DATA FOR THE TASK =
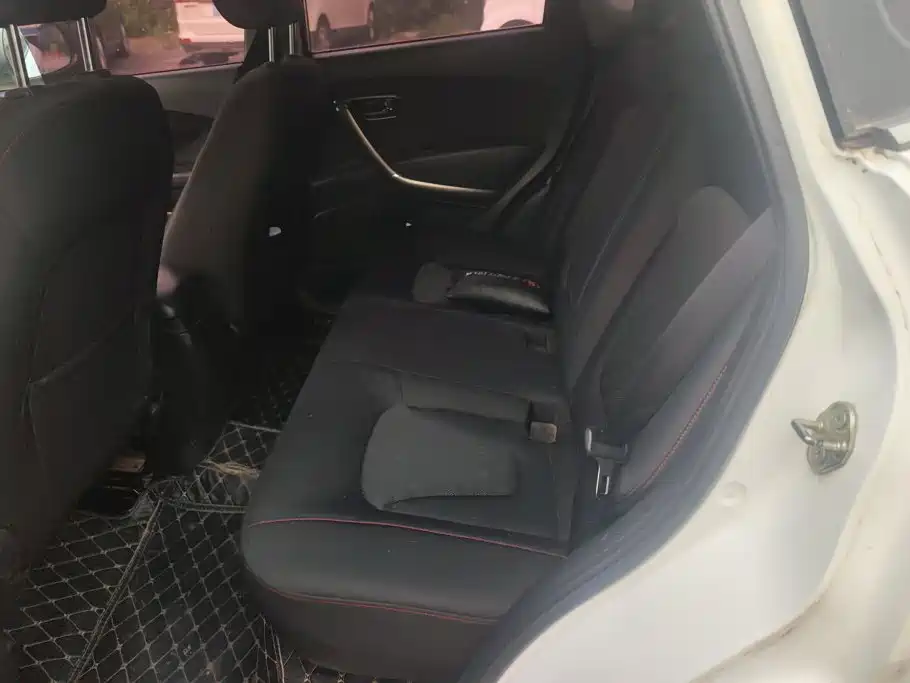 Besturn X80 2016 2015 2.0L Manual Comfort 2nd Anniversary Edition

--

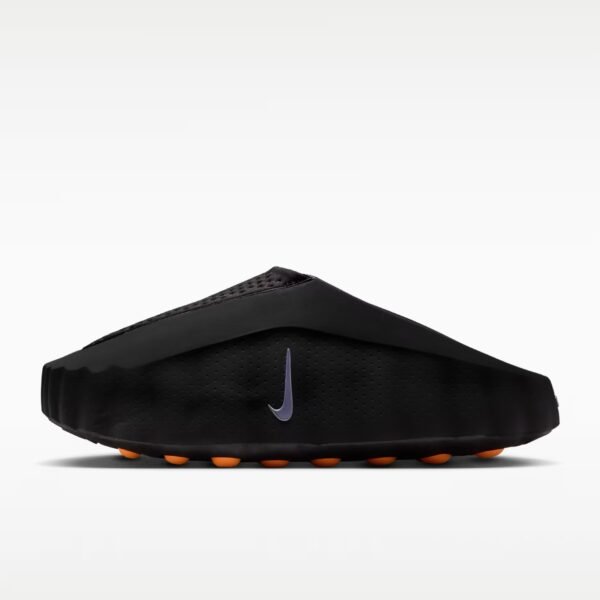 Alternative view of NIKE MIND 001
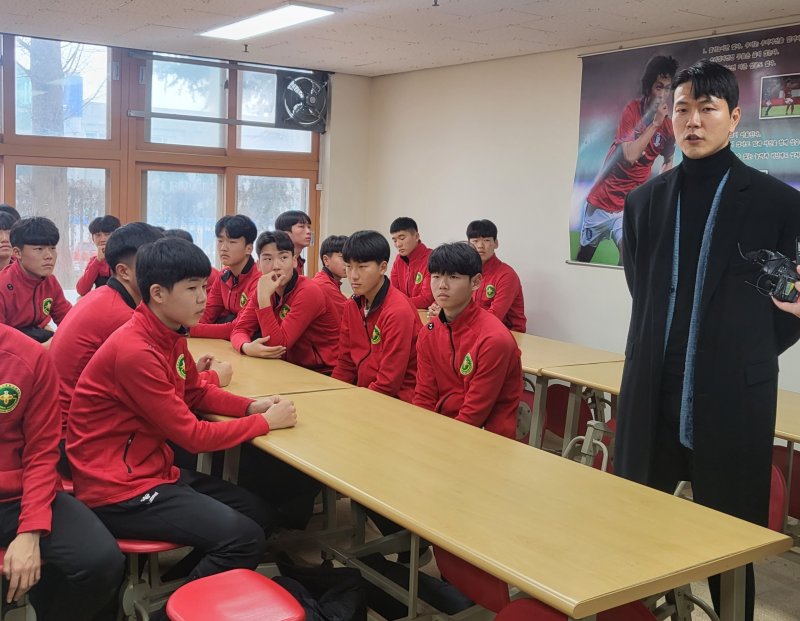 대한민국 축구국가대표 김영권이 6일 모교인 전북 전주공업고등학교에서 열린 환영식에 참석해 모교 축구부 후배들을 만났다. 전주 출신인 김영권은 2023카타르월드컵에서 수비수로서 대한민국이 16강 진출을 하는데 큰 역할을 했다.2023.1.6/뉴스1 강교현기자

...

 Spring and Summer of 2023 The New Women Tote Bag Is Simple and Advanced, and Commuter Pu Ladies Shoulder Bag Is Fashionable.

WHAT YOU HAVE TO DO =
Copy only what runs above from the line containing "Alternative view of NIKE MIND 001" through the line containing "대한민국 축구국가대표 김영권이", exactly. Leave out the pictures.

EXPECTED ANSWER =
 Alternative view of NIKE MIND 001
 대한민국 축구국가대표 김영권이 6일 모교인 전북 전주공업고등학교에서 열린 환영식에 참석해 모교 축구부 후배들을 만났다. 전주 출신인 김영권은 2023카타르월드컵에서 수비수로서 대한민국이 16강 진출을 하는데 큰 역할을 했다.2023.1.6/뉴스1 강교현기자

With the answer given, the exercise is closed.